By its accounting, the Trump administration would reduce the U.S. Department of Education’s budget by 10 percent, or $7.1 billion. By the accounting of education policy analysts, the cuts would amount to up to 12 percent, or at least $8 billion. (See articles on the reductions from Alliance for Excellent Education and New America.)
In 2017 and 2018, when Republicans held both House and Senate majorities, the Trump reduce-education-funding budget request was put aside. Now, with Democrats holding a House majority, the administration’s budget will get an even cooler reception. In the often-coarse parlance of Washington, it was “dead on arrival.”
What’s more, the U.S. government contributes far less to American schooling than state and local governments. Federal funding accounts for 8 percent nationally — about 12 percent in North Carolina.
If the proposed budget has no chance of enactment, and the federal share of education support is so slender, why pay attention to what Trump has proposed? The answer, of course, is that a government budget reflects the priorities and values of those who design it.
Informed by his experience as an education-reform governor of Texas, Republican George W. Bush initiated No Child Left Behind. Informed by his experience observing big-city schools in Chicago, Democrat Barack Obama offered Race to the Top grants to states, as well as encouraging charter schools.

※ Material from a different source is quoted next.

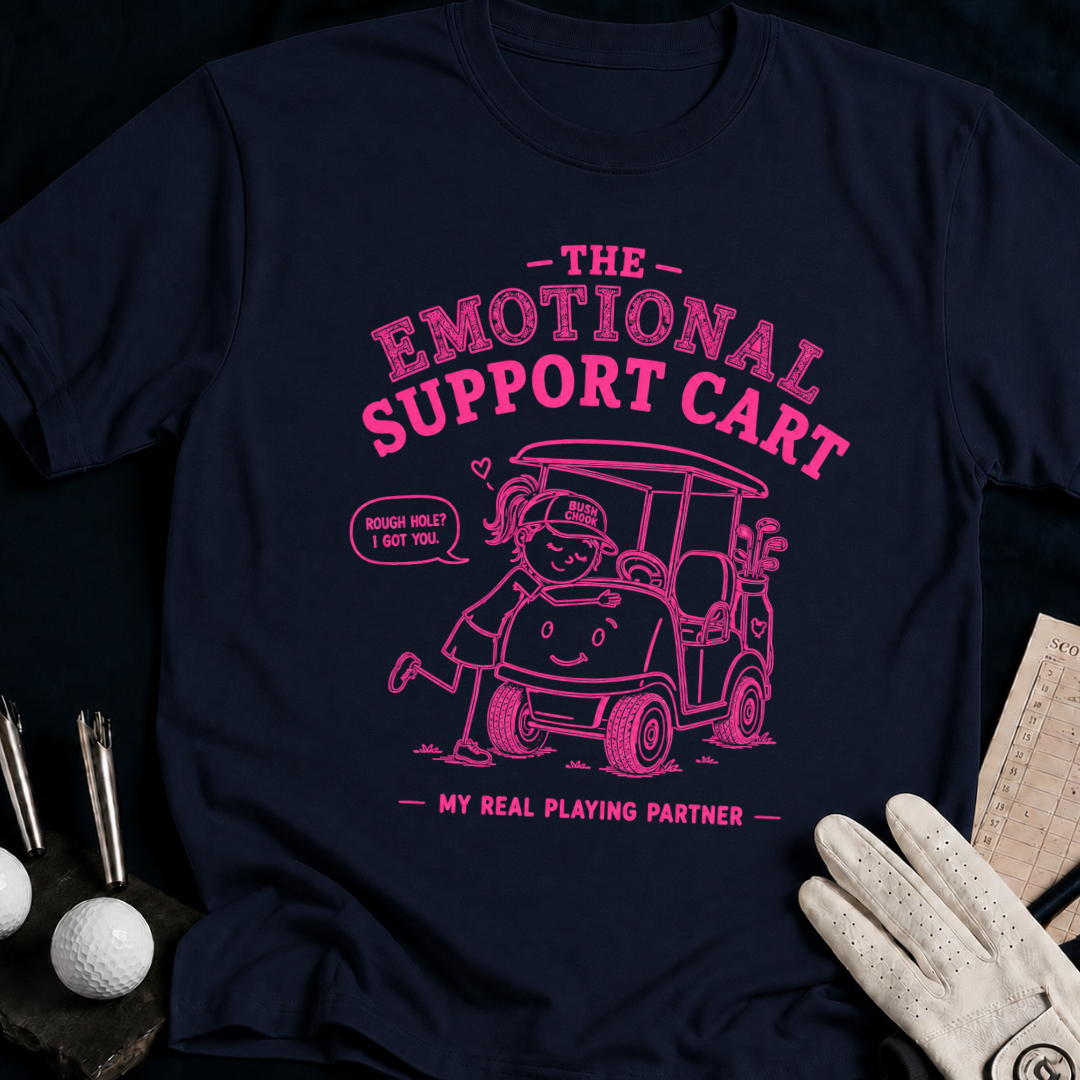 The Emotional Support Cart – funny women's golf t-shirt in Navy | Bad Lies Club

What the administration describes as “the most transformative education proposal in the president’s budget request’’ would take the nation down another path. It would provide a tax credit for “voluntary donations’’ from individuals and businesses to a Treasury fund, which would provide up to $5 billion per year in “scholarships’’ for both public and private education. The proposal is in keeping with the administration’s overarching promotion of “choice.”
The president also proposes an increase in funding for charter schools and magnets, and for more federal support of school safety measures. He would convert existing support for teachers’ professional development to “vouchers’’ for teachers to purchase their own enrichment education.
His budget also lists 29 programs for “elimination”: for example, extra out-of-classroom assistance to students in high-poverty, low-performing schools, literacy instruction, after-school programs, college awareness and preparation for low-income students, and arts and civic education.
In addition to “choice,’’ the president’s budget is also guided by an impulse to diminish the federal role. And, to be sure, dissatisfaction over No Child Left Behind and Race to the Top led to the Every Student Succeeds Act, signed by President Obama, that rests on the premise of a return to greater state-local responsibility.
And yet, in North Carolina as well as more than half the states, combined local-state K-12 funding has not returned to pre-Great Recession levels. The Washington-based Center on Budget and Policy Priorities points out that North Carolina boosted state per-student funding by 3 percent in 2018, but the state remained below — by 7 percent — its pre-recession funding in inflation-adjusted dollars.
Even if President Trump has priorities other than public education, the great debate over schooling matters greatly to North Carolina’s success as one of the nation’s 10 largest states. Even as it’s “dead on arrival’’ in Congress, the administration’s education budget serves as an indicator of the degrading of day-to-day governance amid the turbulence of the Trump presidency.